Amundi: Scenarios and forecasts for coming decade

Asset Allocatie Vooruitzichten
Outlook vooruitzicht (07)

Amundi unveils its 2025 Capital Market Assumptions (CMA), which provide a long-term economic outlook across 43 asset classes over the next 30 years. These assumptions and resulting long-term expected returns are a framework for investors’ strategic asset allocation.

Vincent Mortier, Group CIO of Amundi, said: 'Structural changes – such as wider AI adoption – and current valuation levels mean a shift in the pattern of returns with big implications for strategic asset allocation.  Bonds are back, and the focus for equities moves away from the US towards Europe and Asia. Returns from private assets will gradually normalise, but they will remain a key diversification engine.'

Monica Defend, Head of Amundi Investment Institute, added: 'In a pivoting world marked by rising nationalism and geopolitical fragmentation, Europe has the potential to boost its competitiveness. Asia is emerging as a global tech powerhouse, and the US will continue to reap the benefits of AI. While these trends point to a favourable growth/inflation mix for the next decade, long-term growth faces challenges from deteriorating demographic dynamics, high debt and climate impacts.'

Central scenario for the next decade

Compared to last year’s edition, our 2025 central scenario incorporates evolution in key structural trends.  We factor in socio-economic developments resulting from increased geopolitical tensions and regional rivalry, the progressive redistribution of the world’s population, and further delays and fragmentation in the energy transition.  We also assess the impact of AI on global growth through higher granularity at a country level.
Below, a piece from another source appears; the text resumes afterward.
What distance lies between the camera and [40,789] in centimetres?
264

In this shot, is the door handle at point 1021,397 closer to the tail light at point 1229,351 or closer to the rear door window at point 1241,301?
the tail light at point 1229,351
Strategic asset allocation the next decade - 2025-2034

Despite rising uncertainties, the reset of valuation gaps means 10-year expected returns are higher across the board than in last year’s assumptions.  With a greater emphasis on diversification, we project the optimised 60-40 strategic asset allocation to deliver returns of around 7% for US dollar-based investors and 6% for euro-based investors.

Bonds remain a stable anchor, but some shifts in risky assets offer opportunities for higher returns, particularly in equities and private debt.